Questa serrata progressione di pensiero testimonia la straordinaria modernità di Cattaneo come pensatore economico. Egli sostiene le sue conclusioni con una ricca serie di esempi storici e geografici che testimoniano le forti radici e la straordinaria modernità del suo pensiero. E noi potremmo arricchire i suoi esempi con molti altri tratti dal nostro tempo. Pensiamo al Venezuela che riceve dalla natura il dono di una grande ricchezza petrolifera che sperpera nel modo che abbiamo sotto gli occhi, infliggendo al suo popolo miserie e sofferenze inaudite. Pensiamo all’Italia che all’inizio degli anni ‘60 grazie all’Olivetti, ad alcuni centri della marina militare, all’Università di Pisa e al Politecnico di Milano, è all’avanguardia nell’elettronica, con Ippolito è all’avanguardia nel nucleare, con Mattei sta conquistando una relativa autonomia nella politica energetica dall’oppressivo monopolio delle sette sorelle petrolifere e nel giro di pochi anni perde tutto e viene implacabilmente relegata in Cat.
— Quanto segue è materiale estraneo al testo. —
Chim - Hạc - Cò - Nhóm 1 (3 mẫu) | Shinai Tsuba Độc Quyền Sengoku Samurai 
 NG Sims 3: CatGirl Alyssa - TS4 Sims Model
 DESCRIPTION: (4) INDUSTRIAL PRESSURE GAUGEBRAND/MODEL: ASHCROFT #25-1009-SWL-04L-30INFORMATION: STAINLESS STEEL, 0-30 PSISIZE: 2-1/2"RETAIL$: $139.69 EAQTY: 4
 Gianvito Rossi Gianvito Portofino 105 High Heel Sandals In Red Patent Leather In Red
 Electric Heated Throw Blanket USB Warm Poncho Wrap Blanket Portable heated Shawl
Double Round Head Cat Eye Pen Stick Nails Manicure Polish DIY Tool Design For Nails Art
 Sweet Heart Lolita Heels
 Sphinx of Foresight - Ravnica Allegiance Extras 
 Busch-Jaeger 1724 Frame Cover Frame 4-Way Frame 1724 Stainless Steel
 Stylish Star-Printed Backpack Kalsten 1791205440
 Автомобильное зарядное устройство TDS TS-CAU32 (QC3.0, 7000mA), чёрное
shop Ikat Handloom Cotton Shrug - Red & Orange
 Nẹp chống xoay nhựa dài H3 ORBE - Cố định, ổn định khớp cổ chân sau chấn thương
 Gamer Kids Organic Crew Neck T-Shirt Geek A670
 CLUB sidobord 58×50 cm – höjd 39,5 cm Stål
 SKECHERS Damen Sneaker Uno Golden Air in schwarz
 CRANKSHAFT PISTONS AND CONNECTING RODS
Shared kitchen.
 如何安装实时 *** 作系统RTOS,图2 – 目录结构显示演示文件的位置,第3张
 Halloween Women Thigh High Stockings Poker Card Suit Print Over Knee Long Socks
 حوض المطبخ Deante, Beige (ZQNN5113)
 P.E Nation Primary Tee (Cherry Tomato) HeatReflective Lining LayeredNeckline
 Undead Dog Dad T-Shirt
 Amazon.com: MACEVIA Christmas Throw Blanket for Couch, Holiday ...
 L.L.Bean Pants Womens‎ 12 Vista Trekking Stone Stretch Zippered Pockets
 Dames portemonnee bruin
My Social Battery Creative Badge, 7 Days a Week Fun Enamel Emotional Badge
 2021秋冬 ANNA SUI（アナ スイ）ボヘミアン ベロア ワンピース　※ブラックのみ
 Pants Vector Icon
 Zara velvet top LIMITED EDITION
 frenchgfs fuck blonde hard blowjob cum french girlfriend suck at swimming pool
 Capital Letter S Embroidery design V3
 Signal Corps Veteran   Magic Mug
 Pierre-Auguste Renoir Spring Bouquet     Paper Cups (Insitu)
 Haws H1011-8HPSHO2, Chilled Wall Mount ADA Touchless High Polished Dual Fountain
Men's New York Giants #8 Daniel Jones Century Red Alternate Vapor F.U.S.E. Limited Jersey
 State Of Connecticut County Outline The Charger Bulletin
B, dalla quale, pur tra alti e bassi, non si è più realmente ripresa: chiuso il circolo delle idee resta chiuso il circolo delle ricchezze.

Ma forse l’esempio più convincente della correttezza del pensiero di Cattaneo resta quella della Scozia del ‘700. Arthur Herman, l’autore di “How the Scots invented the Modern World (New York, Three Rivers Press 2011) scrive: “Nel Settecento la Scozia era la più povera nazione indipendente d’Europa. Eppure questo paese culturalmente arretrato riuscì a diventare la ruota motrice del progresso europeo”. Nessuno all’inizio del settecento poteva minimamente prevedere che la Scozia del ‘700 avrebbe dato i natali ad Adam Smith (fondatore della teoria economica moderna), a Adam Ferguson (fondatore della sociologia) e James Hutton (fondatore della geologia), a scrittori vigorosi come Walter Scott, a filosofi come David Hume, a fisici come James Maxwell, a inventori come Graham Bell (insieme a Meucci, inventore del telefono) e James Watt (inventore della macchina a vapore) a Matthew Boulton (un imprenditore che con una serie di innovazioni rese più efficiente e diffondibile la macchina di Watt), a James Young (inventore del metodo di raffinazione del petrolio) e altri.

L’unica cosa certa per gli storici che hanno studialo lo straordinario fenomeno è che una grande influenza fu esercitata sulla Scozia da un importante sacerdote-politico che, sostenendo che tutti i cittadini dovevano poter leggere la Bibbia, riuscì ad imporre un intenso programma di alfabetizzazione che portò la Scozia a raggiungere a metà del ‘700 un livello di alfabetizzazione diffusa enormemente superiore a quella dell’Inghilterra.

Mi sono soffermato su questa straordinaria vicenda per sottolineare due fatti. Il primo è la difficoltà di fare previsioni a lungo termine in materia economico-sociale perché c’è sempre, fortunatamente, un cigno nero o bianco che sia che, nel male o nel bene, spariglia le carte e rende la vita delle persone e dei popoli imprevedibile. Non per niente Goethe per indicare il flusso della storia parla “dell’arcano laboratorio di Dio”. Il secondo è l’importanza dell’istruzione e dell’intelligenza come fattori primi dello sviluppo, importanza che non è certo una scoperta del nostro tempo. Tutta la scuola italiana del pensiero dello sviluppo e dell’economia civile (dall’illuminismo napoletano a quello lombardo) è pervasa da questo tema sino al vertice rappresentato, a mio giudizio, dal saggio di Carlo Cattaneo sul quale stiamo riflettendo, che è uno dei saggi più potenti mai scritti sulle rare radici dello sviluppo.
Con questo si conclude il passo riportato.